Jumat, 16 April 2021

Belajar Kemunafikan dari Attack on Titan

Attack on Titan (Sumber: wallpaperaccess.com)
Satu hal yang menarik dari Attack on Titan (AoT) musim 3 (iya, saya telat mengikuti) adalah soal kemunafikan manusia. Kemunafikan yang, untuk orang-orang seusia saya, sudah sering tertangkap mata, tapi bagi anak-anak remaja, masih terbilang aneh. Kemunafikan yang berhasil mengabaikan kebenaran demi memenuhi nafsu.

Perhatian: Tulisan di bawah ini berisi spoiler (bagi penonton AoT lain yang telat seperti saya).
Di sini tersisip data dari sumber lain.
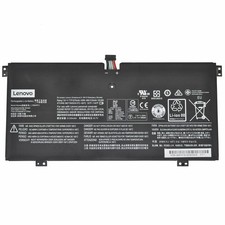Genuine Laptop OEM Battery L15M4PC1 L15L4PC1 For Lenovo Yoga 710-11IKB 710-11ISK picture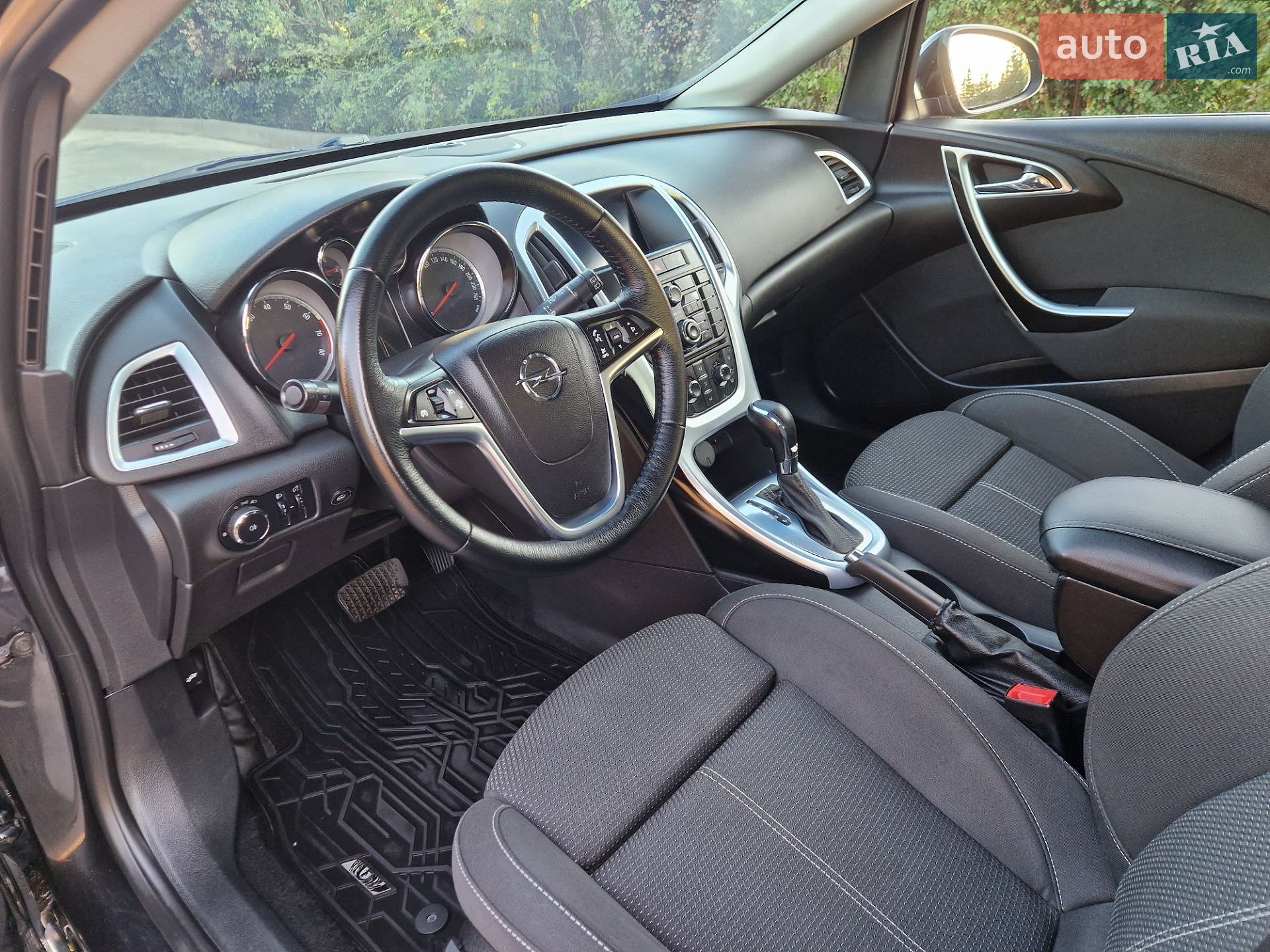 Opel Astra 2012 VIN W0LPD8EC3C8086705 фото оголошення 27 з 46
Saya lupa kejadiannya di episode berapa dalam AoT musim 3. Satu hal yang saya ingat adalah di adegan itu, salah satu anak saya nyeletuk soal sikap "aneh" para pejabat dalam dunia di balik dinding yang sempit itu. Saat itu, mereka mendapat kabar bahwa tembok lapisan kedua jebol lagi dan titan pun merangsek masuk. Idealnya, saat itu terjadi, gerbang di tembok lapisan pertama dibuka agar evakuasi para penduduk area lapisan kedua dapat masuk ke lapisan pertama.

Berhubung areanya berbentuk lingkaran dengan pusat pemerintahan di tengah, semakin dekat ke tengah, semakin kecil areanya. Itu artinya jumlah penduduk di area lingkaran kedua jauh lebih banyak dari area lingkaran pertama. Bila penduduk di area lingkaran kedua dibiarkan masuk ke lingkaran area pertama, kita bisa bayangkan masalah baru yang akan muncul seperti kekurangan suplai makanan, tempat tinggal, atau penghidupan yang dapat mengakibatkan tingkat kejahatan meningkat.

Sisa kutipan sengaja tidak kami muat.